In the case of statistical hypothesis testing, we use data to find evidence, leading us to arrive at two possible conclusions:

Reject the null hypothesis, \(H_0\), in favor of the alternative hypothesis, \(H_A\)
Fail to reject the null hypothesis, \(H_0\)

Setting Up the Hypothesis Test

The null hypothesis will almost always be represented with equivalence. The alternative hypothesis will be then be represented with an inequality or shown to be not equivalent.

\(H_0\): \(\theta = \theta_0\)
\(H_A\): One of the Following:
- \(\theta > \theta_0\)
- \(\theta < \theta_0\)
- \(\theta \neq \theta_0\)

The alternative hypothesis is the hypothesis for which we are seeking statistical evidence for.

Test Statistic and Finding Evidence

A test statistic is a quantity derived from the sample data and calculated assuming that the null hypothesis is true. It is used in the decision about whether or not to reject the null hypothesis.

Rejection Regions and Significance Level

The rejection region is a range of values of the test statistic that would lead you to reject the null hypothesis.

The significance level \(\alpha\) indicates the largest probability of the test statistic occurring under the null hypothesis that would lead you to reject the null hypothesis.

Rejection Regions for Alternative Hypotheses

The following example uses the \(z\) statistic, but the concept holds for other statistics and critical values.
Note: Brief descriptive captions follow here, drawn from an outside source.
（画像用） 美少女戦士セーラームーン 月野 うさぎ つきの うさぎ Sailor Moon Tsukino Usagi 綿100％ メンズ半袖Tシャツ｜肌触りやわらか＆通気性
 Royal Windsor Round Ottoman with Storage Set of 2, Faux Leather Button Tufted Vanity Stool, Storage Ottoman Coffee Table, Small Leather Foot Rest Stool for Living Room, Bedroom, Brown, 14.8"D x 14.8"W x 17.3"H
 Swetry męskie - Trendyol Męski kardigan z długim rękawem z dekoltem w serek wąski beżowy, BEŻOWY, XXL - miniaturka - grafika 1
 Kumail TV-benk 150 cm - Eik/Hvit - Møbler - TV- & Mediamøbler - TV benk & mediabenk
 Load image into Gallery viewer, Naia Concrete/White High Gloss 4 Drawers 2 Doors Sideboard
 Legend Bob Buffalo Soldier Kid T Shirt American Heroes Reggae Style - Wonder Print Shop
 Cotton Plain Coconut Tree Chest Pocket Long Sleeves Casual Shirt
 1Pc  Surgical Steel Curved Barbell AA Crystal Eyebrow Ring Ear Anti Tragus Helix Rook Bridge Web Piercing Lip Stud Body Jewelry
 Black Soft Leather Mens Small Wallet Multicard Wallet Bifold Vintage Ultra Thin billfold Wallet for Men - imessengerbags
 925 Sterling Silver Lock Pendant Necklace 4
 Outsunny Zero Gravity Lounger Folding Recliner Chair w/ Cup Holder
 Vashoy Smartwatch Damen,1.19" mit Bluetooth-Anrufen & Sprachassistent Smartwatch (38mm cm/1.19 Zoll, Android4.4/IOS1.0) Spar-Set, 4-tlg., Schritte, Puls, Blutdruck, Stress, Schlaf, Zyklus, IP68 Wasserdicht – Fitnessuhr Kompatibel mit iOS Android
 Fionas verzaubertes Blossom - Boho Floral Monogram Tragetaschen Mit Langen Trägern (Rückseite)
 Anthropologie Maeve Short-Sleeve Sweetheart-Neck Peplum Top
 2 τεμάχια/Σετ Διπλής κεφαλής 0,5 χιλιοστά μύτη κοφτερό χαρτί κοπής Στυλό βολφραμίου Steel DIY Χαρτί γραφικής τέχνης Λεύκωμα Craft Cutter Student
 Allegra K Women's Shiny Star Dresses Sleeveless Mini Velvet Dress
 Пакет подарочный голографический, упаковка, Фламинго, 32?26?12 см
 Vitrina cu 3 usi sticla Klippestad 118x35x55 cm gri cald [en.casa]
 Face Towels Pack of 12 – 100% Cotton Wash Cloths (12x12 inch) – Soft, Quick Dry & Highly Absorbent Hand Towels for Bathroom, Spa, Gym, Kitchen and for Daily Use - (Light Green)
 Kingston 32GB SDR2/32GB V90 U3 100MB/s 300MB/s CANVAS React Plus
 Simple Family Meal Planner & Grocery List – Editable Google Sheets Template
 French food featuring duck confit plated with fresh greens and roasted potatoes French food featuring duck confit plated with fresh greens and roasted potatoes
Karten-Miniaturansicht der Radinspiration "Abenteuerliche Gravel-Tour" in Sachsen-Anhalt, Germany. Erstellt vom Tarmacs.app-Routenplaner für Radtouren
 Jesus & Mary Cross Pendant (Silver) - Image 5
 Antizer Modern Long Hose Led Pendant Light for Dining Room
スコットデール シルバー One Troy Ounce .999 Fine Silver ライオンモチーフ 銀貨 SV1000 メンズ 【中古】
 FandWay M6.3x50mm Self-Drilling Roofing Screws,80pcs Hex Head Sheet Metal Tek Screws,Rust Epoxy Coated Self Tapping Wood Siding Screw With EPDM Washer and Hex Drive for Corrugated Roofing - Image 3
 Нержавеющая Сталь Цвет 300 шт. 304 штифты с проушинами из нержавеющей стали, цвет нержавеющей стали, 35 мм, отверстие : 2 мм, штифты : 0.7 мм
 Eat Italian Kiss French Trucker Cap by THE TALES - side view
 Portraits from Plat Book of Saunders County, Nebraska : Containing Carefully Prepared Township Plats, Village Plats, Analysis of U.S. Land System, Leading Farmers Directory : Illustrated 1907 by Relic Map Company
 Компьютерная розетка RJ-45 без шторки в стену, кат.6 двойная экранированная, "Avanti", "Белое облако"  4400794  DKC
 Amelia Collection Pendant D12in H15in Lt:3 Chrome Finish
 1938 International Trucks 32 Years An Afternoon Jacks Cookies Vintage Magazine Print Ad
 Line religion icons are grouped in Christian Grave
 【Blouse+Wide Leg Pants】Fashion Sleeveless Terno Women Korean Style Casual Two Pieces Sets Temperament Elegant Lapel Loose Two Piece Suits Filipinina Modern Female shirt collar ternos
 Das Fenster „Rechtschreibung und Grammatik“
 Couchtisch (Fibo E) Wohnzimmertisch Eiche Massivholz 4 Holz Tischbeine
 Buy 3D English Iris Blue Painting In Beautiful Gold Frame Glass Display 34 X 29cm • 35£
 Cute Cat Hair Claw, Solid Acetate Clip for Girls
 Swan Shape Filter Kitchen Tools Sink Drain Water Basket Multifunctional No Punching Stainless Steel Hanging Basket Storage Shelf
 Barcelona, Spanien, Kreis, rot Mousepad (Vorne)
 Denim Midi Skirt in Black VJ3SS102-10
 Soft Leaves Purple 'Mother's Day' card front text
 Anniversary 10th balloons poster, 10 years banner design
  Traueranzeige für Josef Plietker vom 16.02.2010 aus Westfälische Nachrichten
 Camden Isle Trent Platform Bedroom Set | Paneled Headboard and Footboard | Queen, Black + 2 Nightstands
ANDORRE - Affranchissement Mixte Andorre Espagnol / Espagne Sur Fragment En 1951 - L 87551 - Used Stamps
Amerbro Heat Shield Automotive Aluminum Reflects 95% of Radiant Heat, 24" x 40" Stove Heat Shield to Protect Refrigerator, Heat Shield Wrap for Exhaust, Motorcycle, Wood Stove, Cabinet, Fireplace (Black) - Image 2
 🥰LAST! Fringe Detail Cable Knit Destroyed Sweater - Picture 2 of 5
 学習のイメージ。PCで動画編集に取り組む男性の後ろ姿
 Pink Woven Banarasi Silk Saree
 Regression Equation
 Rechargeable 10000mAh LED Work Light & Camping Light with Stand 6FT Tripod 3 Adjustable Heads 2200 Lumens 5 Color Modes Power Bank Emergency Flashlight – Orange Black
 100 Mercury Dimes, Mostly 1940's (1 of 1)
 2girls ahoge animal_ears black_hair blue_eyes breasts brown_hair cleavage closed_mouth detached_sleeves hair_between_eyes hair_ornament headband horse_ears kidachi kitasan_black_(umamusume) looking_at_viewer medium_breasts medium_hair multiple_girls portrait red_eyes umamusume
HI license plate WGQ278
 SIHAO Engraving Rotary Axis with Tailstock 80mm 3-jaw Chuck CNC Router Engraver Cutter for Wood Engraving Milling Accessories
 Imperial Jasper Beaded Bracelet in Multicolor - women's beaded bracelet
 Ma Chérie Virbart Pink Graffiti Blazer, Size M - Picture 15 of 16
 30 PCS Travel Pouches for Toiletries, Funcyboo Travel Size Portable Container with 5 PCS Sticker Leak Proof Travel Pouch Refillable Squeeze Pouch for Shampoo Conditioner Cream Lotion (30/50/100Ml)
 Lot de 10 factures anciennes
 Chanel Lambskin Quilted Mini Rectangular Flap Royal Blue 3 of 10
Alternative Hypothesis	Rejection Region for Level \(\alpha\) Test
\(H_A\): \(\theta > \theta_0\)	\(z \geq z_{\alpha}\)
\(H_A\): \(\theta < \theta_0\)	\(z \leq z_{\alpha}\)
\(H_A\): \(\theta \neq \theta_0\)	\(z \geq z_{\alpha}\) OR \(z \leq z_{\alpha}\)

Type I and Type II Errors

Type I Error

A Type I error is rejecting the null hypothesis when it is actually true. This is actually representing by \(\alpha\), where significance level is set at \(100*(1-\alpha)\).

Type II Error

A Type II error is failing to reject the null hypothesis when it is actually false. This is normally considered worse than Type I errors.

Visualizing Errors

Power

Considering power helps to ensure high quality hypothesis tests.Recall” - Type I errors are when we reject the null hypothesis when it is true - Type II errors are when we fail to reject the null hypothesis when the alternative hypothesis is true

The power of a hypothesis test is the probability of making the correct decision if the alternative hypothesis is true. In other words, it is the probability of rejecting the null hypothesis when the alternative hypothesis is true.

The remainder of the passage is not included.